To improve livelihoods and reduce deforestation, Conservation International and Peru’s National Service of Natural Protected Areas (SERNANP) use conservation agreements to provide to the settlers incentives to help conserve the area. In the agreements, settlers commit to protect the forest in exchange for tangible economic benefits, including improvement of organic production of coffee, the area’s most important cash crop. This pro-poor benefit is part of a wider conservation initiative that includes a financial sustainability plan based on sale of carbon credits obtained from reduced emissions from deforestation and forest degradation (REDD+) to finance the conservation agreements and other conservation actions in the AMPF in the long run.

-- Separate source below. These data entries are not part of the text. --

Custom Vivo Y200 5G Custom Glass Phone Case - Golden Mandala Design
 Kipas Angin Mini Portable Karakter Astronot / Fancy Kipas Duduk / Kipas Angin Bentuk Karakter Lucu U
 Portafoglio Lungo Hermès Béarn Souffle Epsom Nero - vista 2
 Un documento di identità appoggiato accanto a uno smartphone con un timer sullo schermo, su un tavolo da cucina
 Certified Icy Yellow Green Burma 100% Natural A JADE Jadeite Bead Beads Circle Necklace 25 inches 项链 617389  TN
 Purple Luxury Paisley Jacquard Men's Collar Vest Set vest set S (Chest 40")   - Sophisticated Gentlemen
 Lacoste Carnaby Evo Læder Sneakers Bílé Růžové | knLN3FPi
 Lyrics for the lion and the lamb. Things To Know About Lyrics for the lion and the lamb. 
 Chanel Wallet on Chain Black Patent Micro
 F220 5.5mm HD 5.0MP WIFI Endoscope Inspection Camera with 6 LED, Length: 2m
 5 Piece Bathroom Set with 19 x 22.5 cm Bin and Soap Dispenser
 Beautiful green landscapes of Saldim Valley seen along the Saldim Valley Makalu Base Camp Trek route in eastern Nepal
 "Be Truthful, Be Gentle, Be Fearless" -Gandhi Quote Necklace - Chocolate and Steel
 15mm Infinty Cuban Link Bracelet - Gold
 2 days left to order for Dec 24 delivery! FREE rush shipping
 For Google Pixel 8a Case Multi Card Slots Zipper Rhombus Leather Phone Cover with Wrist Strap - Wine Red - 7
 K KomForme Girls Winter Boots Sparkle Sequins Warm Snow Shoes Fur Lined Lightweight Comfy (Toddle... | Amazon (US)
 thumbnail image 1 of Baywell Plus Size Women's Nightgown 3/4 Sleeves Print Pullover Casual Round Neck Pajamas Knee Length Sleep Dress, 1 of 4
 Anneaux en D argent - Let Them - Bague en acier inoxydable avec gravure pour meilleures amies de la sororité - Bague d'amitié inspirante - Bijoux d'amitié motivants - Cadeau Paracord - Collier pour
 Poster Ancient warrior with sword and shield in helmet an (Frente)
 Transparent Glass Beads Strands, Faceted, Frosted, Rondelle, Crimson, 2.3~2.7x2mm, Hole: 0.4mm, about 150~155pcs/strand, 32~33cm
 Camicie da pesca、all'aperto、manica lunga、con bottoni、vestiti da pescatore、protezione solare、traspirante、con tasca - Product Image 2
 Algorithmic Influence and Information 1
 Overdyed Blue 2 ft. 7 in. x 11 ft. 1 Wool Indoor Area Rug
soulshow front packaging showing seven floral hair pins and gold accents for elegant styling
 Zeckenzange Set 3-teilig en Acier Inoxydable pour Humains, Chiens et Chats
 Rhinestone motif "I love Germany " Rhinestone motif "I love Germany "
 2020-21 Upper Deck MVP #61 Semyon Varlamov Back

With support from Fondation Ensemble, we propose to scale up the conservation agreement model to local coffee grower associations by building their capacity to increase quality and quantity of their coffee output, expanding their memberships, and helping them secure better access to preferential organic and fair trade international coffee markets. This will include a focus on the role of women in the certified production system. The agreements also strengthen social structures by helping settlers join formal producer associations and allowing community members to engage directly with SERNANP in forest protection. They create better governance conditions inside communities, reinforcing respect for the rule of law. Thus, conservation agreements offer a win–win solution in an area where historically local settlers have faced a choice between seeking out unsustainable economic opportunities or protecting the forest.
The overall objective of the project is to improve organic coffee practices to strengthen community livelihoods and motivate enhanced forest and biodiversity conservation in the AMPF.
Specific objectives are:
Objective 1: Promote the adoption of more sustainable agricultural coffee production systems (in particular shade grown), leading to better yields, better quality, and access to preferential markets, which will result in better livelihoods for local communities and increased resilience against climate change.
Objective 2: Engage local communities in conservation and encourage behavioral changes in coffee growing areas to reduce their impacts on forest, biodiversity, and water resources.